Start of THE INPUT
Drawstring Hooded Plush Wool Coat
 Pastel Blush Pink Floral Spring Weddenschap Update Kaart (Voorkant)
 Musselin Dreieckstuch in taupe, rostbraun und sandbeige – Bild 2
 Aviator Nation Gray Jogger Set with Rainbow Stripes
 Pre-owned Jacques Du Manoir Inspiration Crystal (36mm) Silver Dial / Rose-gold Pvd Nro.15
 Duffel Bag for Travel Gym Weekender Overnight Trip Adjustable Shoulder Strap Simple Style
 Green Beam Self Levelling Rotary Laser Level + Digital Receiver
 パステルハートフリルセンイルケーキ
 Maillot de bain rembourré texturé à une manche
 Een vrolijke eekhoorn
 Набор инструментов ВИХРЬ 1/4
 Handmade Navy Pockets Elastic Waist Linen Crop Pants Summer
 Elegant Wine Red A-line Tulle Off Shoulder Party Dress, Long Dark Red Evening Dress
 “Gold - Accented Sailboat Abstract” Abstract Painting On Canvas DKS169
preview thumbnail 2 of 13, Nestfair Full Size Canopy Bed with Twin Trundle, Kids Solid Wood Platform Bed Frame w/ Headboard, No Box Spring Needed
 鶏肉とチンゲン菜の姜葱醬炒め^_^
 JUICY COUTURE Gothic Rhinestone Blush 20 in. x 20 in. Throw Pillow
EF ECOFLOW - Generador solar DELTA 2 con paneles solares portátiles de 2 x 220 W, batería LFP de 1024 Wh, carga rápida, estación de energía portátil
End of THE INPUT
__YOUR TASK__:
Please copy the line that holds "Pastel Blush Pink" and each line under it through the last line above, exactly as they stand, adding nothing.

__WRITTEN ANSWER__:
 Pastel Blush Pink Floral Spring Weddenschap Update Kaart (Voorkant)
 Musselin Dreieckstuch in taupe, rostbraun und sandbeige – Bild 2
 Aviator Nation Gray Jogger Set with Rainbow Stripes
 Pre-owned Jacques Du Manoir Inspiration Crystal (36mm) Silver Dial / Rose-gold Pvd Nro.15
 Duffel Bag for Travel Gym Weekender Overnight Trip Adjustable Shoulder Strap Simple Style
 Green Beam Self Levelling Rotary Laser Level + Digital Receiver
 パステルハートフリルセンイルケーキ
 Maillot de bain rembourré texturé à une manche
 Een vrolijke eekhoorn
 Набор инструментов ВИХРЬ 1/4
 Handmade Navy Pockets Elastic Waist Linen Crop Pants Summer
 Elegant Wine Red A-line Tulle Off Shoulder Party Dress, Long Dark Red Evening Dress
 “Gold - Accented Sailboat Abstract” Abstract Painting On Canvas DKS169
preview thumbnail 2 of 13, Nestfair Full Size Canopy Bed with Twin Trundle, Kids Solid Wood Platform Bed Frame w/ Headboard, No Box Spring Needed
 鶏肉とチンゲン菜の姜葱醬炒め^_^
 JUICY COUTURE Gothic Rhinestone Blush 20 in. x 20 in. Throw Pillow
EF ECOFLOW - Generador solar DELTA 2 con paneles solares portátiles de 2 x 220 W, batería LFP de 1024 Wh, carga rápida, estación de energía portátil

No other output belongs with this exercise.